Perception – the Boat That Wasn’t There

I was worried. I couldn’t find my son and his grandfather who were supposed to be fishing together. I looked out behind my father-in-law’s house at the boat dock where they should have been standing to fish in the lake. And they weren’t there. I knew they weren’t out on the lake because the fishing boat was slung up in the boat house. Despite looking everywhere I thought they would be, I still couldn’t find them. So, perplexed, I waited in the house for them to show up, trusting that my son was in good hands.

An hour later, they walked in and I immediately jumped up and demanded to know where they had been. “We we’re out fishing on the lake,” my son said with a puzzled expression on his face. I explained that they couldn’t have been because the boat was docked in the slip. My son laughed and said “Dad, take another look,” and pointed to the boat house. I did, and there were… TWO boats! My father-in-law’s fishing boat was tied up at the dock looking just like I remembered it—small, green hulled, simple, rigged for fishing. And there, moored in the slip, was a ski boat—a big, white, designed-for-speed rigged-for-skiing boat-that-looked-nothing-like-a-fishing-boat boat sat there as clear as day. And despite looking right at it all morning, I had not seen it. I had not expected it to be there, and to me, it wasn’t.

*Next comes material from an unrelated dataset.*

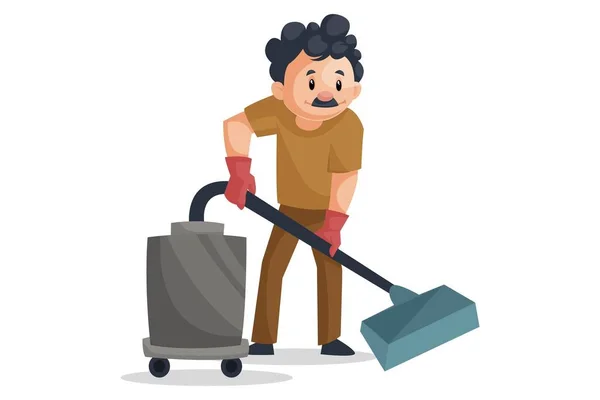 Vector Graphic Illustration Cleaning Man Cleaning Floor Vacuum Cleaner Individually — Stock Vector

The real voyage of discovery consists not in seeking new landscapes, but in having new eyes. — Marcel Proust

This story illustrates the power that our expectations have to distort our perception and literally show us what we expect to see rather than what is really there. It is this perceptual bias that is a main reason that businesses do not see competitive threats until it is too late. It is why leaders look at the numbers and see evidence that defending the old Success Formula is working… right up to the day that everything crashes down around them. It is why customer-facing employees often have a dramatically different—and mostly more accurate—understanding of the competitive realities than senior executives.

In order to create the breakthroughs that they desire, executives must first disrupt their mental lock-inThis is the only way to open up their perceptual bias to see new information and reach new understandings. Only in seeing the situation “with new eyes” are rich new possibilities opened up for truly novel innovation.